Doherty Tara M, Zhang Ailan, Spivak Alla, Kiley Ellen, DelBello Damon, Abramowicz Apolonia E, Xu Jeff L
Department of Anesthesiology, Westchester Medical Center/New York Medical College, Valhalla, NY, USA.
Department of Public Health, New York Medical College School of Health Sciences and Practice, Valhalla, NY, USA.
Int J Spine Surg. 2024 Jul 4;18(3):329-335. doi: 10.14444/8601.
Approximately 38,000 scoliosis surgery correction operations are performed annually in the United States; these operations are associated with considerable postoperative pain which can be difficult to manage. This is largely attributed to an incision spanning multiple vertebral segments with paraspinal muscle dissection and retraction to facilitate the implantation of segmental hardware and rods. Frequently utilized analgesic modalities include intravenous patient-controlled analgesia and epidural analgesia, often in combination. We sought to ascertain the feasibility and analgesic efficacy of continuous thoracolumbar dorsal ramus nerve (TDRN) block using surgically placed multiorifice catheters.
Forty-two patients diagnosed with idiopathic scoliosis who underwent a posterior spinal fusion (PSF) were enrolled after consent was obtained. Patients were managed utilizing a standardized Enhanced Recovery After Surgery) protocol including a perioperative opioid-sparing regimen. Data were collected at specified time intervals during the recovery period. These data points included pain scores using the Numeric Rating Scale. Parenteral or both oral and parenteral opioid consumption doses were also collected every 4 hours. Any significant postoperative adverse events were recorded as well.
A total of 42 patients had surgically placed TDRN catheters, and 40 patients were included in this study. The patients all reported low to moderate pain scores with low opioid consumption postoperatively, while the TDRN catheter delivery of local anesthetic analgesics did not result in significant complications.
A regional technique utilizing TDRN catheters could be a valuable component of the postoperative pain management protocols for PSF surgery, and additional studies are warranted.
This study evaluated the feasibility and analgesic efficacy of TDRN catheters for postoperative pain control following multilevel PSF for idiopathic scoliosis. Continuous local anesthetic delivery through TDRN catheters is a feasible and safe technique for postoperative pain control in these patients. Selective blockade of the dorsal rami might have benefits over epidural analgesia or other regional techniques.
在美国,每年大约进行38000例脊柱侧弯手术矫正手术;这些手术会带来相当严重的术后疼痛,且难以控制。这在很大程度上归因于切口跨越多个椎体节段,伴有椎旁肌的解剖和牵拉,以利于节段性硬件和棒的植入。常用的镇痛方式包括静脉自控镇痛和硬膜外镇痛,且常常联合使用。我们试图确定使用手术放置的多孔导管进行连续胸腰段背根神经(TDRN)阻滞的可行性和镇痛效果。

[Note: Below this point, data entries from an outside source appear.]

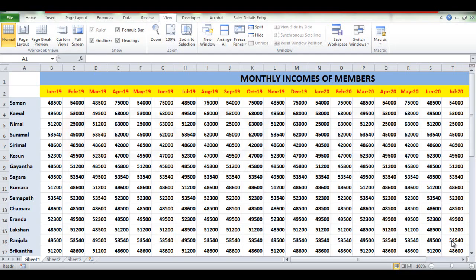Hi everyone, welcome to the YouTube channel of Microsoft Excel. I will give you tips for using Microsoft Excel. I will give you a quick tip for freezing panes.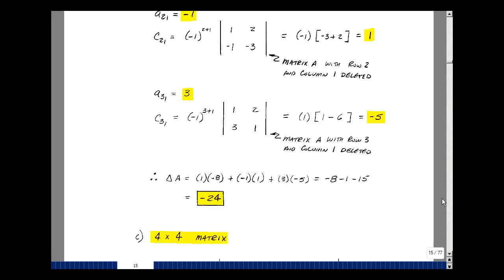The determinant of A equals A11 times C11, plus A21 times C21, plus A31 times C31, and that turns out to be minus 24.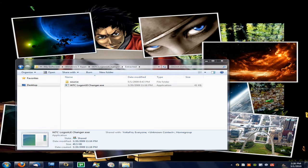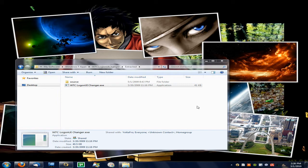Hey guys, I want to show you a little program called Windows 7 Center Logon UI Changer. You can download it from windows7center.com. It's a tiny program that lets you change the default Windows 7 login screen, at least change the background.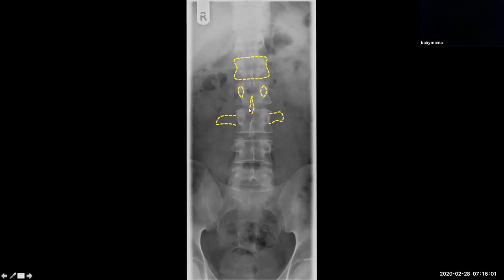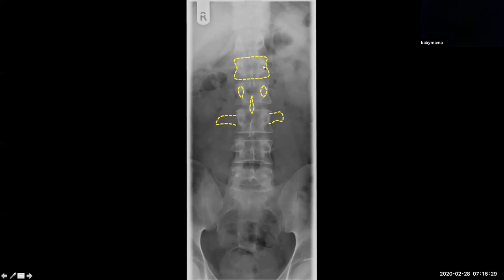Each vertebral body should also have a corresponding spinous process — the most posterior elements of the vertebral body — as well as the transverse processes, or the arms of the bodies. You want to make sure all these lines and cortices line up, including the spinous processes and the pedicles. If anything is out of alignment, you'll want to correlate with history and worry about things like trauma. If a pedicle is absent, things to worry about include metastatic disease or myeloma.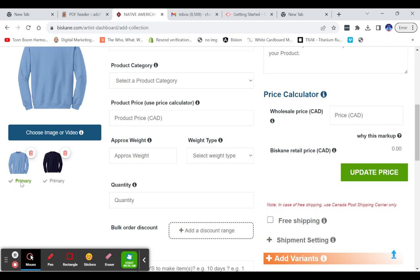Now I can switch between which is my primary image by simply clicking the primary word down here to which image do I want to lead with. So that the lead image is the first image that your customers will see. And I hope this video was helpful on how to load an image into your Biscayne Artist Collection page.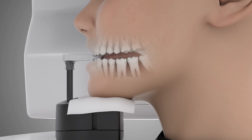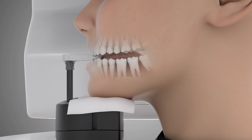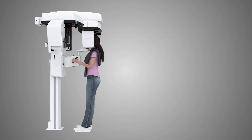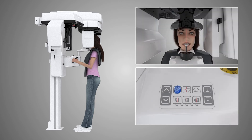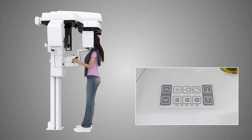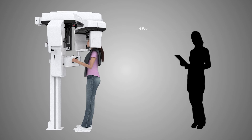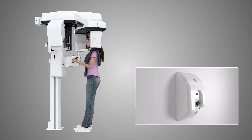Ask the patient to press their tongue to the roof of their mouth, swallow, and remain still for the duration of the exposure. Inform the patient that the unit will rotate around their head and will give off an audible signal that stops when the exposure is complete. Press the laser light button on the positioning panel and double check the patient's position. Make any required adjustments. Press the start button on the positioning panel. Move a safe distance away — at least six feet — or behind a suitable x-ray shield while maintaining line of sight to the patient during exposure.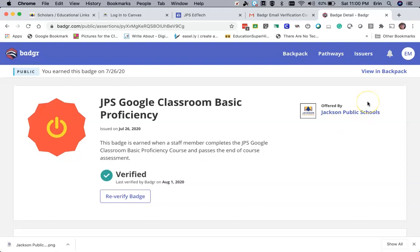That's it for printing your certificates in Badgr.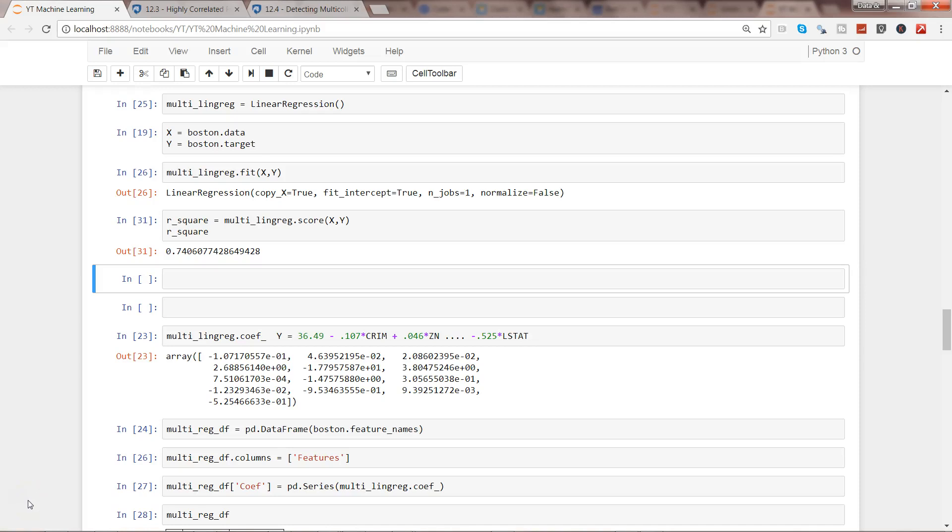Hey guys, this is Abhishek. In this video I will show you one of the important, or I would say common, issues in linear regression: multicollinearity.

42例诊断为特发性脊柱侧弯并接受后路脊柱融合术(PSF)的患者在获得同意后入组。患者采用标准化的术后加速康复方案进行管理,包括围手术期阿片类药物节约方案。在恢复期的特定时间间隔收集数据。这些数据点包括使用数字评分量表的疼痛评分。每4小时还收集胃肠外或胃肠外与口服联合使用的阿片类药物消耗剂量。记录任何显著的术后不良事件。
共有42例患者手术放置了TDRN导管,本研究纳入了40例患者。所有患者术后均报告疼痛评分低至中度,阿片类药物消耗量低,而TDRN导管给予局部麻醉镇痛药未导致显著并发症。
利用TDRN导管的区域技术可能是PSF手术术后疼痛管理方案的一个有价值的组成部分,有必要进行更多研究。
本研究评估了TDRN导管用于特发性脊柱侧弯多节段PSF术后疼痛控制的可行性和镇痛效果。通过TDRN导管持续给予局部麻醉药是这些患者术后疼痛控制的一种可行且安全的技术。背根神经的选择性阻滞可能比硬膜外镇痛或其他区域技术更具优势。